Olivares grew up in Mayagüez, Puerto Rico. He attended Miami Dade College, then signed with the San Diego Padres in September 1986. The Padres traded him to the Cardinals for Alex Cole and Steve Peters in February 1990. He made his MLB debut that August, pitching in nine MLB games. In his rookie season, he had an 11–7 record with a 3.71 ERA in 1991. He led the Cardinals with 124 strikeouts and 63 walks in 1992. He dealt with a groin injury in 1993, and the Cardinals waived him after the 1994 season.

Olivares signed with the Rockies in April 1995. The Phillies selected him off waivers in July. After the season, he signed with the Tigers. He led the 1996 Tigers with 7 wins and four complete games. Detroit traded him and Felipe Lira to the Mariners for Scott Sanders, Dean Crow, and Carlos Villalobos on July 18, 1997, following a plea from Seattle manager Lou Piniella to add pitching. He finished the season with a 6–10 record and 4.97 ERA for Detroit and Seattle.

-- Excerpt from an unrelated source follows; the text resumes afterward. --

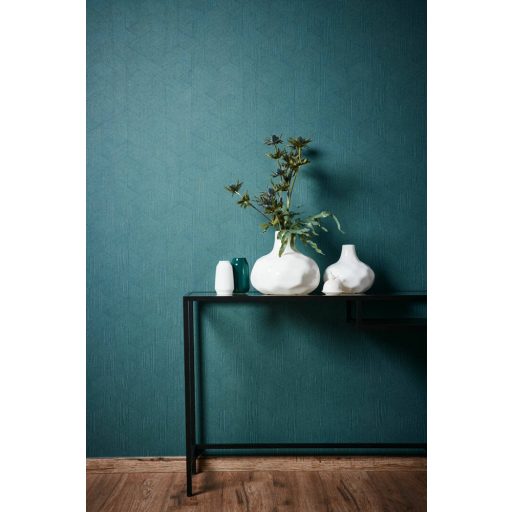 Architects Paper VILLA 37561-4 Geometrikus texturált zöld árnyalatok enyhe mintafény csillogó pontok játéka tapéta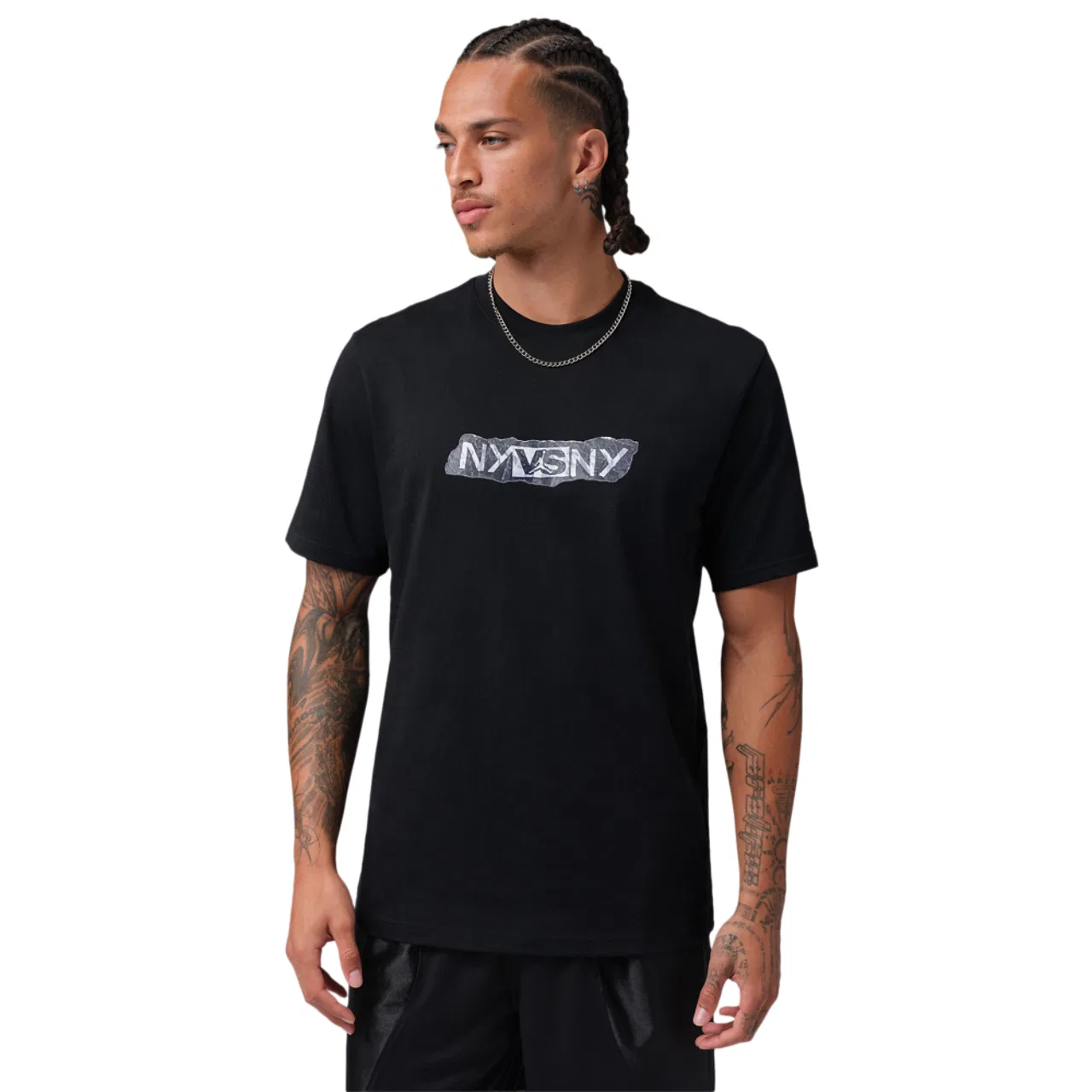 Мужская футболка с технологией Dri-FIT NY vs NY Jordan, черный/белый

Olivares signed a one-year, $1.35 million contract with the Angels in December 1997. The Angels traded him and Randy Velarde to the Athletics in July 1999 for Jeff DaVanon, Nathan Haynes, and Elvin Nina. Oakland traded him to the Pirates in March 2001, where he played his final MLB season. He had a career-high 10 strikeouts in May 15 against the Cardinals.

==Personal life==
Olivares' father, Ed, played in MLB for the Cardinals in 1960 and 1961, retiring as a player in 1967, the year Olivares was born. Olivares has three children.

After his career, Olivares lived in Pennsylvania.